Blockade in El Salvador

The blockade of San Marcos is an operation by the Salvadoran government to arrest members of the criminal gangs of the Mara Salvatrucha (MS-13) and Mara Barrio 18 in the district of San Marcos. The operation began on October 28, 2024, when the Salvadoran President Nayib Bukele announced that 2,500 members of the country's security forces surrounded the community.

== Background history ==
On March 27, 2022, the government of El Salvador, chaired by Nayib Bukele since June 1, 2019, declared a state of national emergency after recording a significant increase in homicides. Between March 25 and 27, 87 murders were reported, which represented the highest number of violent deaths in a weekend since the Salvadoran civil war ended in 1992.

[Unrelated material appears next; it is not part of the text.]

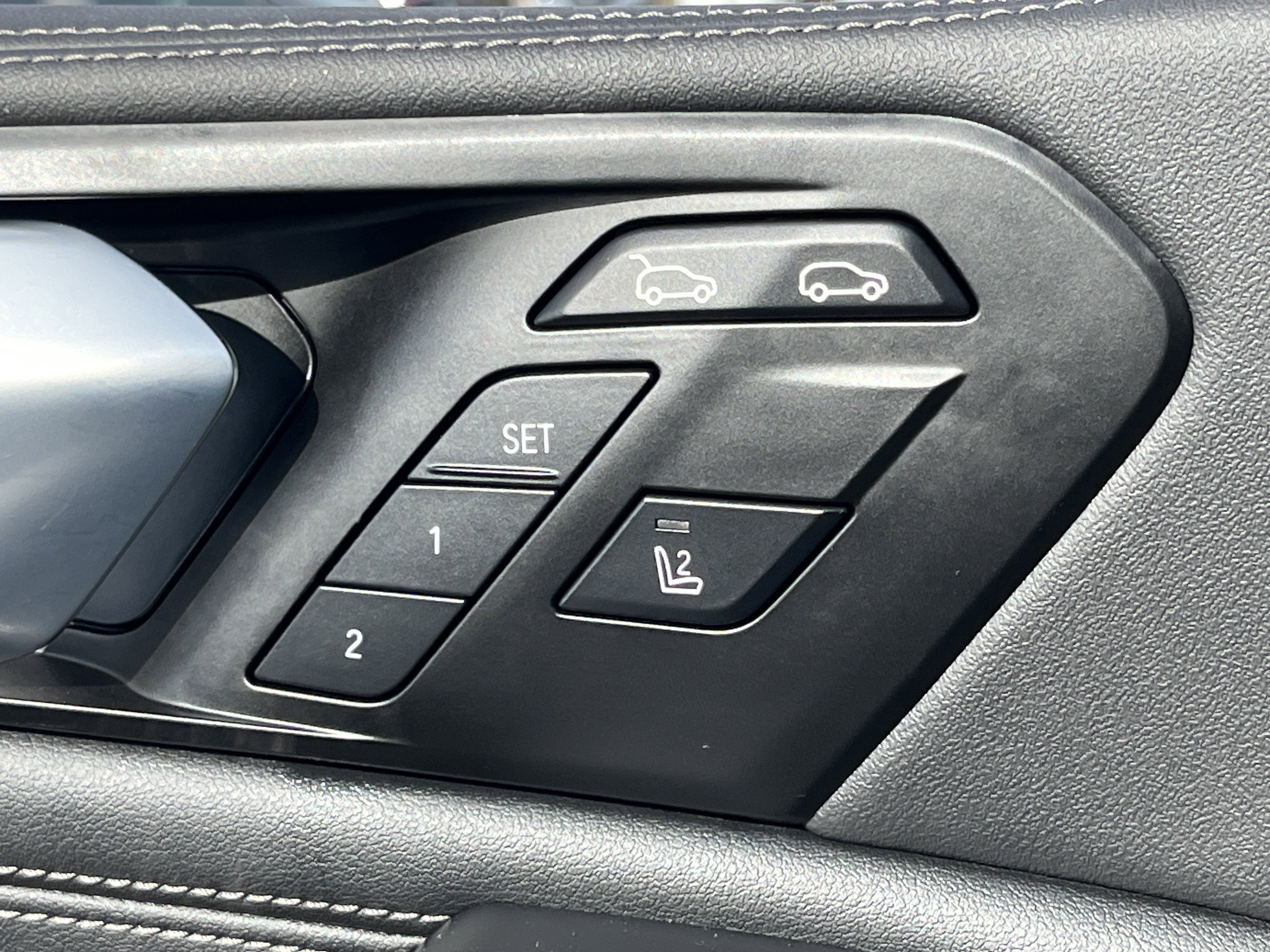 Used 2026 BMW X6 M60i image 16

The increase of violence was attributed to the actions of the two main gangs that operate in El Salvador: the Mara Salvatrucha (MS-13) and Barrio 18 gang. Both criminal groups emerged in the 1980s in Salvadoran immigrant communities in the United States and expanded throughout the national territory after the signing of the Peace Accords in 1992.

By 2022, it is estimated that the two gangs would have a total of 70,000 members. Since the beginning of the regime of exception in March, until July 25, 2023, the authorities arrested more than 71,776 people linked to the MS-13 and Barrio 18 gangs.

== Operation ==
The Intelligence Center of the National Civil Police (PNC) of El Salvador identified, through investigative work, the presence of alleged members of criminal structures in the 10 de Octubre neighborhood, located in the district of San Marcos, department of San Salvador. In response to this intelligence information, the authorities deployed a large-scale operation that involved 2,000 members of the Armed Forces of El Salvador Fuerza armada de El Salvador (FAES) and 500 PNC agents.

This operation, which is part of the Territorial Control Plan, had as its main objective the identification, location and capture of members of criminal organizations that, according to intelligence reports, maintained a presence in said residential area.